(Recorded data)
☆ ☆ ☆ ☆ ☆

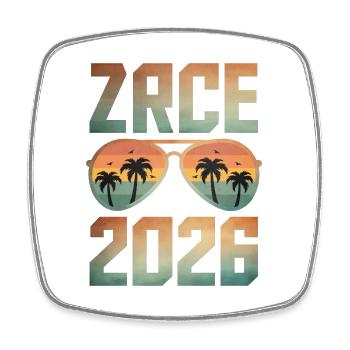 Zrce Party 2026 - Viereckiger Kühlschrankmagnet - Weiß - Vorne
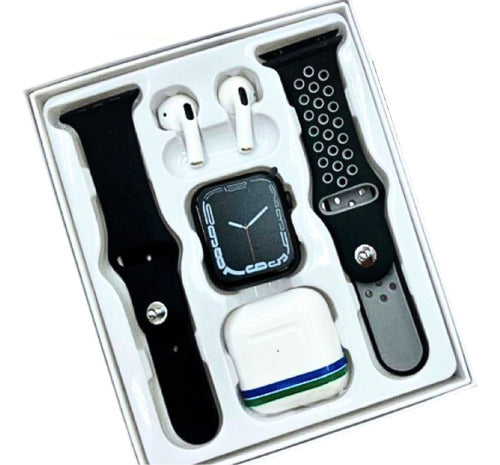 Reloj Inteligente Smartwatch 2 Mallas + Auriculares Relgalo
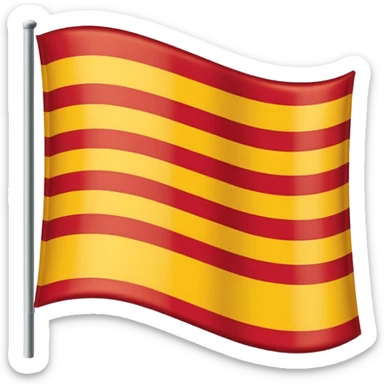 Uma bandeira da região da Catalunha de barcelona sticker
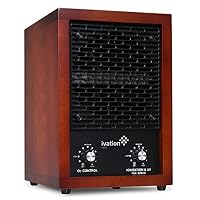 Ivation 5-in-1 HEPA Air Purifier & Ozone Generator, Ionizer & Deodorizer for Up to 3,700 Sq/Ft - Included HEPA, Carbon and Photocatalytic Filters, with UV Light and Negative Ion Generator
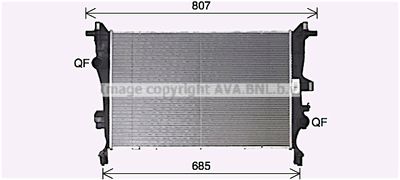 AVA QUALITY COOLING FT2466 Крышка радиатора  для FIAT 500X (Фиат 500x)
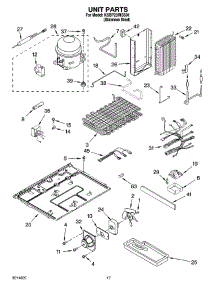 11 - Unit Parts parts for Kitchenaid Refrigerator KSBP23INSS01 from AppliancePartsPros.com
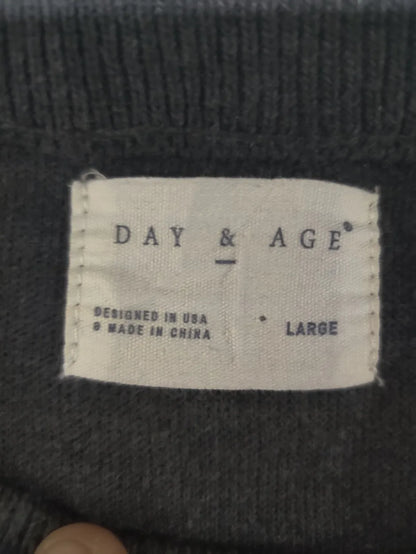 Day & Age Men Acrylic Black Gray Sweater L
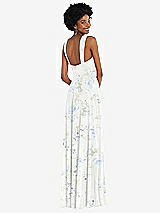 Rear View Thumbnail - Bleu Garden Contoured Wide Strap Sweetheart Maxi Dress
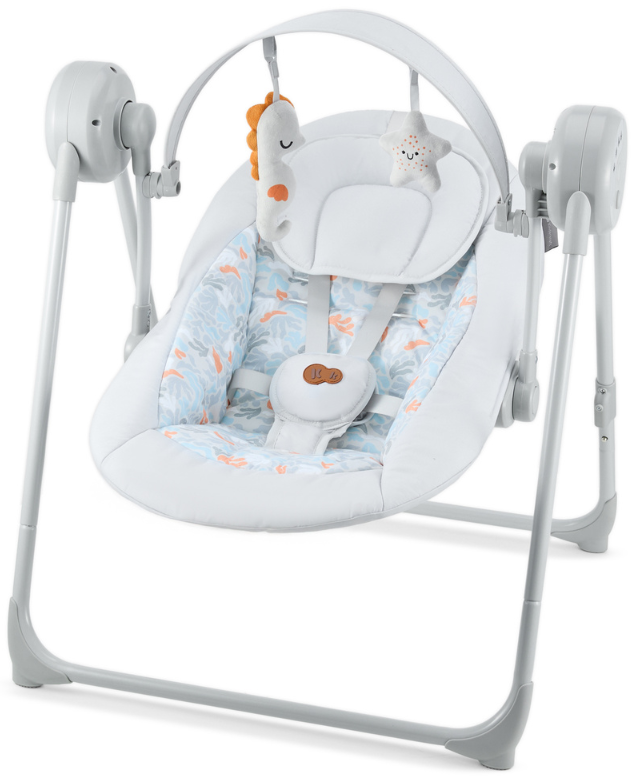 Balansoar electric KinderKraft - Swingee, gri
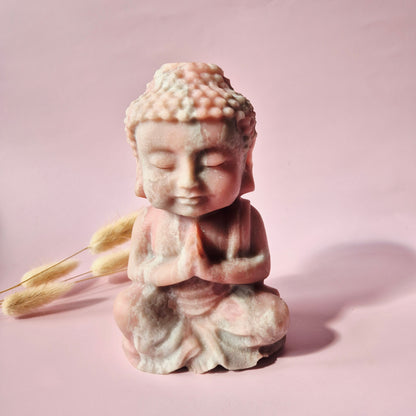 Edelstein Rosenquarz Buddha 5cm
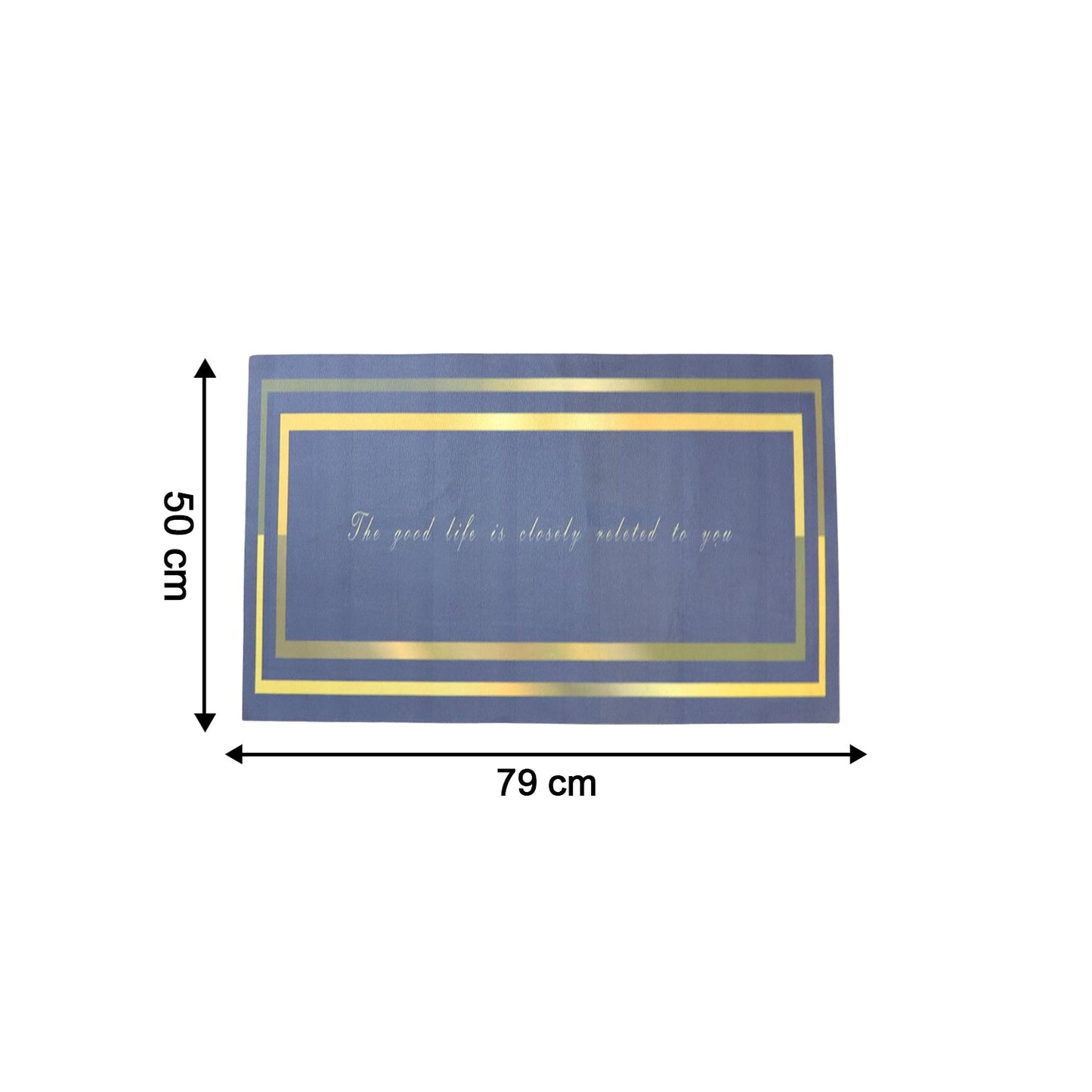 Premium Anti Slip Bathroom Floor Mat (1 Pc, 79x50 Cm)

☆ ☆ ☆ ☆ ☆

## PROBLEM REQUIREMENTS
Would you repeat the entries exactly, keeping the images out?

## TASK SOLUTION
 Zrce Party 2026 - Viereckiger Kühlschrankmagnet - Weiß - Vorne
 Reloj Inteligente Smartwatch 2 Mallas + Auriculares Relgalo
 Uma bandeira da região da Catalunha de barcelona sticker
 Ivation 5-in-1 HEPA Air Purifier & Ozone Generator, Ionizer & Deodorizer for Up to 3,700 Sq/Ft - Included HEPA, Carbon and Photocatalytic Filters, with UV Light and Negative Ion Generator
 AVA QUALITY COOLING FT2466 Крышка радиатора  для FIAT 500X (Фиат 500x)
 11 - Unit Parts parts for Kitchenaid Refrigerator KSBP23INSS01 from AppliancePartsPros.com
 Day & Age Men Acrylic Black Gray Sweater L
 Rear View Thumbnail - Bleu Garden Contoured Wide Strap Sweetheart Maxi Dress
 Balansoar electric KinderKraft - Swingee, gri
 Edelstein Rosenquarz Buddha 5cm
 Premium Anti Slip Bathroom Floor Mat (1 Pc, 79x50 Cm)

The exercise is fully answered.